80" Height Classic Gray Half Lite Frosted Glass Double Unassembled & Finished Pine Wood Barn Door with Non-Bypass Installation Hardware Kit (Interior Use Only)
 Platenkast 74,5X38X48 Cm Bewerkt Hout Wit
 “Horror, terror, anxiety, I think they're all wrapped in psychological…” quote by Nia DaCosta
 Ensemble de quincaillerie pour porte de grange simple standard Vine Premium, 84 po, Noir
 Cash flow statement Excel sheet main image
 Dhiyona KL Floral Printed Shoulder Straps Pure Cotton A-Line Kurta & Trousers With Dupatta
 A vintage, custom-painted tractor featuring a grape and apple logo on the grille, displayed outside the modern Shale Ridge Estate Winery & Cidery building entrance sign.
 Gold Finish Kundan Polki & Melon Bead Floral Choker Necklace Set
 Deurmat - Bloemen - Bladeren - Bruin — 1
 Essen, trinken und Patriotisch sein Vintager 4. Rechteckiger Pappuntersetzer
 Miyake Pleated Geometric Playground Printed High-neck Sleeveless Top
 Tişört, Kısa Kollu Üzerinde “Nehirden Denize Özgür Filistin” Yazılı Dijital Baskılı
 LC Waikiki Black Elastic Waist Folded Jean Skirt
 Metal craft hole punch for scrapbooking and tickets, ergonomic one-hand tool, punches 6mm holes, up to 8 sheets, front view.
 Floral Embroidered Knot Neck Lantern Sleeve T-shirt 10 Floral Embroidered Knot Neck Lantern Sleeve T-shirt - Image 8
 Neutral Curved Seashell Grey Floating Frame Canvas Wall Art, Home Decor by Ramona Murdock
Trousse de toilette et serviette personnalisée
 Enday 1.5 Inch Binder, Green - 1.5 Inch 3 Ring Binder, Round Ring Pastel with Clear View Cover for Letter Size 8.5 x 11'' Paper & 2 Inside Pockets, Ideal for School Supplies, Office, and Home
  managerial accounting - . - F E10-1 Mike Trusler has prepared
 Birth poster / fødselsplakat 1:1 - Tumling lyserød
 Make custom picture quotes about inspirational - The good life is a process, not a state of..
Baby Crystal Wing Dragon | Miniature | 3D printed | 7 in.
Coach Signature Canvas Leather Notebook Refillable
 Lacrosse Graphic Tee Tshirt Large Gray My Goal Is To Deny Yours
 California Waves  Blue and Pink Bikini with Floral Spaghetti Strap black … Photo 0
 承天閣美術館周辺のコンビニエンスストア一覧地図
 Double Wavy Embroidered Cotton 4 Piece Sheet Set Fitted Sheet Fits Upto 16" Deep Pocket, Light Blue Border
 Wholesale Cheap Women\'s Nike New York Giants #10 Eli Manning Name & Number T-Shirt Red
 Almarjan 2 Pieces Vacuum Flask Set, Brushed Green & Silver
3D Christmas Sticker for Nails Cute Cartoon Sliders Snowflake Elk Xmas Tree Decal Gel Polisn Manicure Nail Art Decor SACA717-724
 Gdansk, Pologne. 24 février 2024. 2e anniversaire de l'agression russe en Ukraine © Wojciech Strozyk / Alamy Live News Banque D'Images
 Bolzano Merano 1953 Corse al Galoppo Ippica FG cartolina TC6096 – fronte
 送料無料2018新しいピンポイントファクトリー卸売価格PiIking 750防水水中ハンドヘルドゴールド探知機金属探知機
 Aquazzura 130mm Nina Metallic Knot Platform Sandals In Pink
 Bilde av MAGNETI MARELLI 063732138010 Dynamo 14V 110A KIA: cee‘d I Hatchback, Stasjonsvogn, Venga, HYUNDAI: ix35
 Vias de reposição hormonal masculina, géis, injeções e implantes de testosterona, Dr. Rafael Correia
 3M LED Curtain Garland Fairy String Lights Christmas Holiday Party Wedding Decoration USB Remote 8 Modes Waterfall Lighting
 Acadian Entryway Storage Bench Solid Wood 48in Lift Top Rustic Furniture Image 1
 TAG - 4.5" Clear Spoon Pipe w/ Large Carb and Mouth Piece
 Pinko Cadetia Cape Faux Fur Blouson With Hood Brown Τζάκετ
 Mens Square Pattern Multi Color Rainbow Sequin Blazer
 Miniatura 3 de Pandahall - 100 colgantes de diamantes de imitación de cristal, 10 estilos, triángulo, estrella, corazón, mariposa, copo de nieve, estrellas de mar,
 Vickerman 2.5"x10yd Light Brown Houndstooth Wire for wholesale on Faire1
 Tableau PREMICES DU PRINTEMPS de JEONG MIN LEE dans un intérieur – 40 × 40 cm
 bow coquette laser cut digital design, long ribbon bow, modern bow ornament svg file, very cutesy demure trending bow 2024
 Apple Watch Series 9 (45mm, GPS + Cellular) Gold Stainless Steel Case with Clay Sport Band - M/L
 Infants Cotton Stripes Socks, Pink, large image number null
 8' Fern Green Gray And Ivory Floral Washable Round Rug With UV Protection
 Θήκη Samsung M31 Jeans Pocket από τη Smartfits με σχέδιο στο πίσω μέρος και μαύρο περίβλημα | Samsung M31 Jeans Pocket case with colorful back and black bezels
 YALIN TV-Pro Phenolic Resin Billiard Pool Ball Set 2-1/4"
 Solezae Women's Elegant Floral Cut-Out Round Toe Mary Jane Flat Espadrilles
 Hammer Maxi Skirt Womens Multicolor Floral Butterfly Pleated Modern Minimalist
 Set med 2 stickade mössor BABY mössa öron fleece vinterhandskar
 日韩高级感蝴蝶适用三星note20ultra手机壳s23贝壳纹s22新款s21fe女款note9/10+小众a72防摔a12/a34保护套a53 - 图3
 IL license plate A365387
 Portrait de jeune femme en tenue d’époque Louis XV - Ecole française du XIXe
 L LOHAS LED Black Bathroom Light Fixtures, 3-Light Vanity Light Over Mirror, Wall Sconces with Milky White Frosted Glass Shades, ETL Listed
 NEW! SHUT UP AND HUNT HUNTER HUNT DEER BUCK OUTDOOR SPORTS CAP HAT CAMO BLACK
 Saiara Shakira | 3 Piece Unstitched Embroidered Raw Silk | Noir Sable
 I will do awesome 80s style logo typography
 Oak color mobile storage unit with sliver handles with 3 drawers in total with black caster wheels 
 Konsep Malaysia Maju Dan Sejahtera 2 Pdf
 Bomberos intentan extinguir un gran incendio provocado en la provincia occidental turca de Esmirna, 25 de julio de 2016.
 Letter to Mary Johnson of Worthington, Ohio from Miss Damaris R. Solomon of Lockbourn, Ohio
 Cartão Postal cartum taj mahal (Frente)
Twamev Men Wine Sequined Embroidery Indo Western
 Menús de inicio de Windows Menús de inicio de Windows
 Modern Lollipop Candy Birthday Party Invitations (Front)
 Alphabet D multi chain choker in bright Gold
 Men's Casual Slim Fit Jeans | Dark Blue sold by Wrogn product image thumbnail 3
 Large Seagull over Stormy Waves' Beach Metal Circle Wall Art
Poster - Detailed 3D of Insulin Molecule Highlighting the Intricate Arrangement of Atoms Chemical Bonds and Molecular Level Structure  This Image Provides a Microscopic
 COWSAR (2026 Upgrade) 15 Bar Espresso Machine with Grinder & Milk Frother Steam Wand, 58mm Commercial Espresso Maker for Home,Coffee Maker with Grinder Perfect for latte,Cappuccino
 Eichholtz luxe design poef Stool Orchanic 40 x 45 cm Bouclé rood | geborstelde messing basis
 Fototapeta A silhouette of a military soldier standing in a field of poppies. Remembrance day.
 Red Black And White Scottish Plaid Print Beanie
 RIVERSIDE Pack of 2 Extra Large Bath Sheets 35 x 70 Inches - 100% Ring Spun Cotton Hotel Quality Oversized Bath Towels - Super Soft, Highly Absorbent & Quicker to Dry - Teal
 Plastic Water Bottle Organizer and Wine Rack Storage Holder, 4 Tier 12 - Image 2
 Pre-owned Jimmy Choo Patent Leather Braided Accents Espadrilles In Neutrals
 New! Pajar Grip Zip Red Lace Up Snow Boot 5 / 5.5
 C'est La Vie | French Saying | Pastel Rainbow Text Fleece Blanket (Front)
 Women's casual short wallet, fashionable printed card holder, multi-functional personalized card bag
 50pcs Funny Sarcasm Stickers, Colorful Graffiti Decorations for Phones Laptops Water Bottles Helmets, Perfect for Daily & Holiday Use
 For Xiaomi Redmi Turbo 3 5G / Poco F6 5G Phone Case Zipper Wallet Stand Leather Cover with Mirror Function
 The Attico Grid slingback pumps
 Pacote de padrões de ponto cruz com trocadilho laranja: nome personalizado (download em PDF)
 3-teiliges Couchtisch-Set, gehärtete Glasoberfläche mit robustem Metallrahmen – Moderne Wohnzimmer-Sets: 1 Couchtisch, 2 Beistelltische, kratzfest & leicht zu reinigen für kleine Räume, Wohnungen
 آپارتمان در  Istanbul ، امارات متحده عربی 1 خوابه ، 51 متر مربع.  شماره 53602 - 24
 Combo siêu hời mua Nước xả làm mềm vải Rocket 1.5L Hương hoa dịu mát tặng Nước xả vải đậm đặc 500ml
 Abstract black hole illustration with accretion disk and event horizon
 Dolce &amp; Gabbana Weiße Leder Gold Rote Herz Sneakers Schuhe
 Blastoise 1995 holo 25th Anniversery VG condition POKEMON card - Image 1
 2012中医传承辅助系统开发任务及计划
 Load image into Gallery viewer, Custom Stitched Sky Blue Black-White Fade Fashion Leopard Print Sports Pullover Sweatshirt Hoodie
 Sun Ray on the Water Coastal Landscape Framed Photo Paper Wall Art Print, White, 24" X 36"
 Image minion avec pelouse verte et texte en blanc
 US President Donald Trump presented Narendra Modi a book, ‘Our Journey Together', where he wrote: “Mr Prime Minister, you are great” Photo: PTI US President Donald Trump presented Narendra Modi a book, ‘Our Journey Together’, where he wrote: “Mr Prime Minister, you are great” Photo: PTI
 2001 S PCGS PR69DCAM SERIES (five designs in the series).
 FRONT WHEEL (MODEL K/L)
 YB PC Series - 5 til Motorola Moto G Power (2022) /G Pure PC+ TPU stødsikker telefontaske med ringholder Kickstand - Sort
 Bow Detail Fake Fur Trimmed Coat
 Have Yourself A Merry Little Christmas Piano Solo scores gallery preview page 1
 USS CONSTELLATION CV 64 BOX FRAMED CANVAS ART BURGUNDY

- _TASK TO CARRY OUT_
Print nothing but the lines from the one containing "Sun Ray on the" through the end of the listing above, exactly as written.

- _RESPONSE AREA_
 Sun Ray on the Water Coastal Landscape Framed Photo Paper Wall Art Print, White, 24" X 36"
 Image minion avec pelouse verte et texte en blanc
 US President Donald Trump presented Narendra Modi a book, ‘Our Journey Together', where he wrote: “Mr Prime Minister, you are great” Photo: PTI US President Donald Trump presented Narendra Modi a book, ‘Our Journey Together’, where he wrote: “Mr Prime Minister, you are great” Photo: PTI
 2001 S PCGS PR69DCAM SERIES (five designs in the series).
 FRONT WHEEL (MODEL K/L)
 YB PC Series - 5 til Motorola Moto G Power (2022) /G Pure PC+ TPU stødsikker telefontaske med ringholder Kickstand - Sort
 Bow Detail Fake Fur Trimmed Coat
 Have Yourself A Merry Little Christmas Piano Solo scores gallery preview page 1
 USS CONSTELLATION CV 64 BOX FRAMED CANVAS ART BURGUNDY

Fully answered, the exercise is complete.